## MATERIAL FOR THIS TASK:
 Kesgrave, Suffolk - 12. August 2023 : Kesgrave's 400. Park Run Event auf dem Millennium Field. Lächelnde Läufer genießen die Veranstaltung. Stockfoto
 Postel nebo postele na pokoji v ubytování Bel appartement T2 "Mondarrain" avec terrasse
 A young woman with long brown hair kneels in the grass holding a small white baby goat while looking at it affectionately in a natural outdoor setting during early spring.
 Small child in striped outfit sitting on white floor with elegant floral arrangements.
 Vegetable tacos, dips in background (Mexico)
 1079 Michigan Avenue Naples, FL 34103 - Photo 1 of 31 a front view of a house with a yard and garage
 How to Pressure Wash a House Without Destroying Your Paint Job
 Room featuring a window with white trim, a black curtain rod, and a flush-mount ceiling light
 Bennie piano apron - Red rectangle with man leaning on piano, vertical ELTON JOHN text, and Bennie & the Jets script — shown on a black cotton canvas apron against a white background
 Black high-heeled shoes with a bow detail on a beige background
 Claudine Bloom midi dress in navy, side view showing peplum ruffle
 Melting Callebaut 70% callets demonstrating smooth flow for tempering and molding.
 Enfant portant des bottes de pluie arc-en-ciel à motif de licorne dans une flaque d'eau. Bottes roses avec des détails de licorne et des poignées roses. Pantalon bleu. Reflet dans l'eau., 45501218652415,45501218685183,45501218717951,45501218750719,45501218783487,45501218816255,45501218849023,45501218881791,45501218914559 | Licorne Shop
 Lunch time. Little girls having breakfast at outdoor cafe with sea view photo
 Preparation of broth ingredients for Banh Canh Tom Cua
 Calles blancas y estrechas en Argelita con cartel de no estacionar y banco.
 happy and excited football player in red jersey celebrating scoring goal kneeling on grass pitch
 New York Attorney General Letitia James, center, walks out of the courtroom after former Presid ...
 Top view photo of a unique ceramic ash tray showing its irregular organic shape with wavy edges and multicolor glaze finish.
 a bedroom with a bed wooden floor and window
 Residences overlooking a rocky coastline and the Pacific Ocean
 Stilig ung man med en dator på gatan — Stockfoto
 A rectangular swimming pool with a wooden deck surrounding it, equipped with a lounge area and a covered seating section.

## DIRECTIONS FOR THIS TASK:
The lines to retype run from the start of the entries through the line containing "How to Pressure"; reproduce them exactly and add nothing.

## FINISHED TASK:
 Kesgrave, Suffolk - 12. August 2023 : Kesgrave's 400. Park Run Event auf dem Millennium Field. Lächelnde Läufer genießen die Veranstaltung. Stockfoto
 Postel nebo postele na pokoji v ubytování Bel appartement T2 "Mondarrain" avec terrasse
 A young woman with long brown hair kneels in the grass holding a small white baby goat while looking at it affectionately in a natural outdoor setting during early spring.
 Small child in striped outfit sitting on white floor with elegant floral arrangements.
 Vegetable tacos, dips in background (Mexico)
 1079 Michigan Avenue Naples, FL 34103 - Photo 1 of 31 a front view of a house with a yard and garage
 How to Pressure Wash a House Without Destroying Your Paint Job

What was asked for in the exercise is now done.